455冊名:日本への遺言
地域再生の神様〈豊重哲郎〉が起こした軌跡 出町譲
鹿児島空港から車で2時間。鹿屋市の柳谷地区、通称:やねだん。公民館長に就任した豊重哲郎さんがいかに限界集落を再生させたか。
何度か地方再生の本は読んできたが、ここまで一人の男の信念でたくさんの、町全体を動かしたものはなかったと思う。商売っ気がないからか、公務員の町おこしでないからか、豊重さんの信念、考え、その言葉が一つ一つが具体的で苦労してきた男の言葉として刺さってきた。まだまだ自身の足りなさを感じ、自戒の念が燃え上がった。

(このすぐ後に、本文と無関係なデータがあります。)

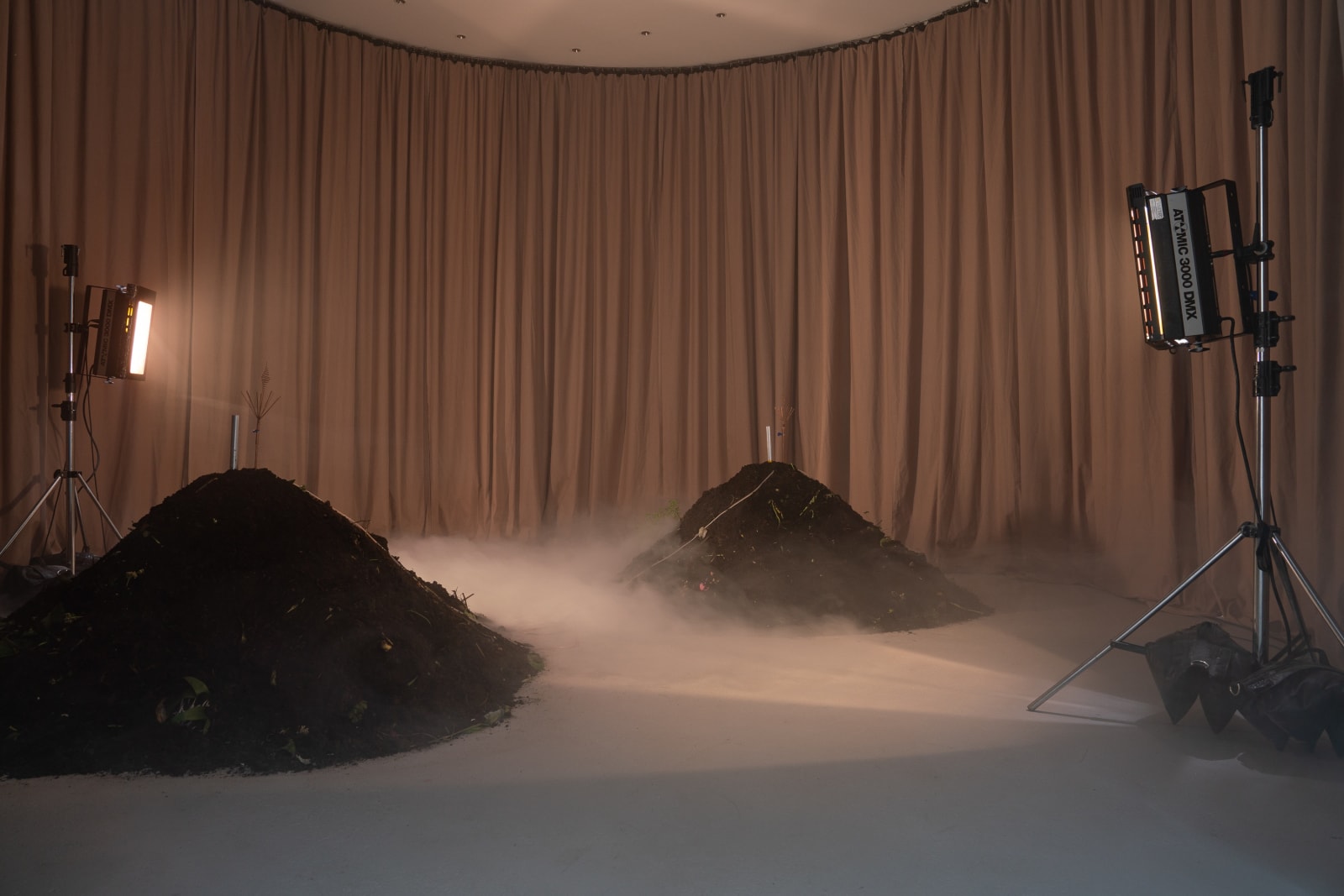 Jenna Sutela, Vermi Cell, 2023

補助金を頼らず自分たちでサツマイモを育て、家畜のにおいを消す土着菌を開発するなど自主財源をつくり、自ら課題を解決していく、それを全員で。
まさしく、子会社として親会社に任せるのではなく、自ら考え全員で解決していくことが本当に必要なんだと見につまされたもの。リーダーとしての情熱は十分かを常に問う必要があると実感。
忘れたくない豊重さんのメッセージを以下に記す。
補助金頼みになると制約が増えるばかり。自立心が失われ、真に地域のためにならない。自分のことは自分でやるのが当たり前。補助金頼みになるとアイデアが出てこない
リーダーは命令形で指示してもだめだ、情熱で人を動かし感動で感謝の心を養うことが重要だ。
持続可能な消滅しない地域づくりにはやはり、文化と子供がキーワード。
地域活動では特に不平や不満を言う人は必ずいます。とにかく粘り強く話し合うことが大切なんです。急ぐな、あわてるな、近道するなが最も重要。
リーダーはあきらめないという気持ちを持つこと、情熱があれば必ず人はついてくる。